Placing the first call-to-action (CTA) button above the fold is widely known as being the best practice. Even though it is in many cases the smartest choice, it all depends on the context.
If the product you sell is complex, you might want to postpone asking (forget the fold) for action until the user has actually had a chance to understand it. If what you are selling is relatively simple, placing (at least) the first call-to-action above the fold makes perfect sense.
A typical solution is to simulate a miniature landing page experience, containing all critical elements of your page, but packed into a block of content above the fold. Ensuring that you both present the value proposition and the call to action, will help decrease any confusion. Supporting content can then appear below the miniature landing page experience to further convince users to take action.
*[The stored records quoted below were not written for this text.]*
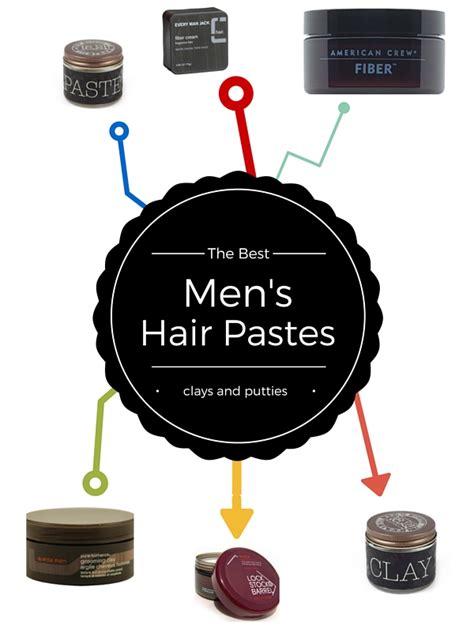 The worst part about putting in a new hair product is getting that annoying glare when you stand in direct sunlight—baxter doesn. The Best Men's Hair Paste Review | The Guy's Grooming Guide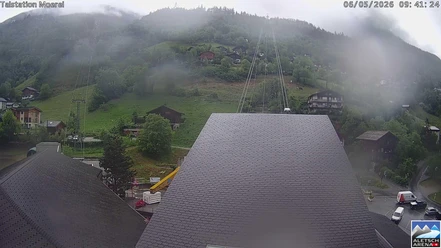 Webcam Mörel Talstation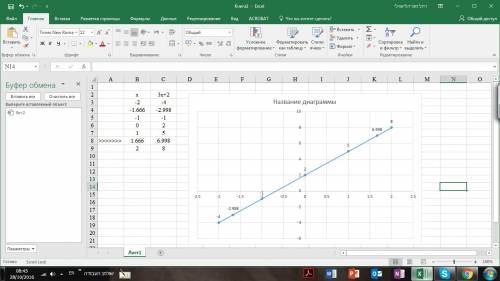 Постройте график функции y=3x+2 и укажите с его абсциссу точки графика с ординатой 7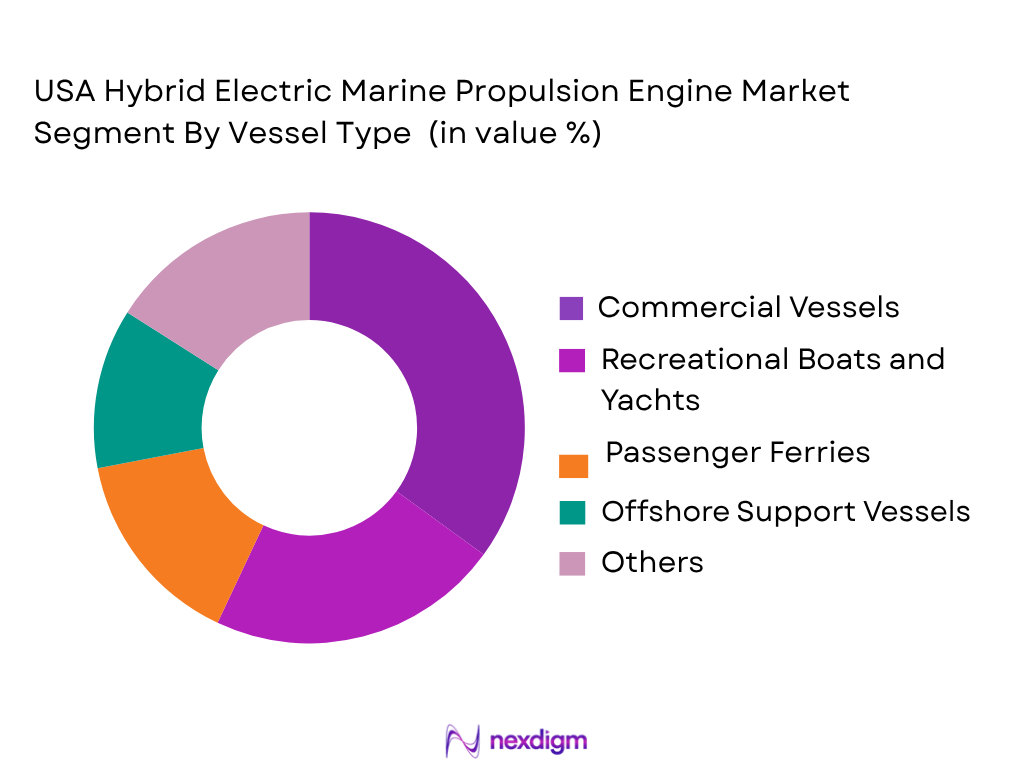 USA Hybrid Electric Marine Propulsion Engine Market by Vessel Type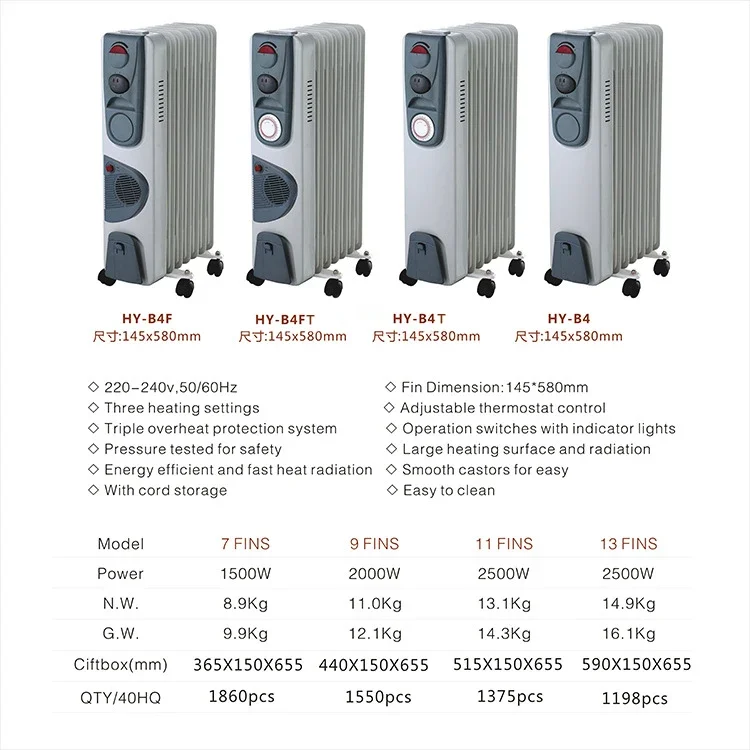 Electric Heater, 7-13, 220V-240V - detail 12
But don’t cram everything above the fold. There is plenty evidence showing that users are willing to scroll – when they know there is something to scroll for.
You will have to decide yourself, when it makes sense to save the CTA until you’ve made some key points. It’s usually when users aren’t fluent in your product category or industry and need some education first.
To determine whether to put the first call-to-action above the fold, it makes sense to divide users into 3 segments:
Certain users. Users familiar with your brand and product know what you offer and whether it will solve their problem. As long as you don’t go out of your way to hide your call-to-action, they will find a way to convert. For this group, having the call-to-action above the fold is of great convenience, but if not, they are willing to scroll to find it.
Uncertain users with a simple Value Proposition. Users not familiar with your brand and product aren’t convinced that your product is the best solution for their problem, yet. However, if your value proposition is simple, clear, concise, and doesn’t require much elaboration, chances are that new uncertain users could be convinced and ready to take action without additional information. Go ahead and place your call to action above the fold.
Uncertain users with a complicated Value Proposition. Similarly, users not familiar with your brand and product aren’t convinced that your product is the best solution for their problem, yet. However, if your value proposition is complicated, asking users to take action at the top of the page, above the fold, doesn’t make much sense. Visitors who are uncertain won’t be ready to take action just yet. They’ll need additional information.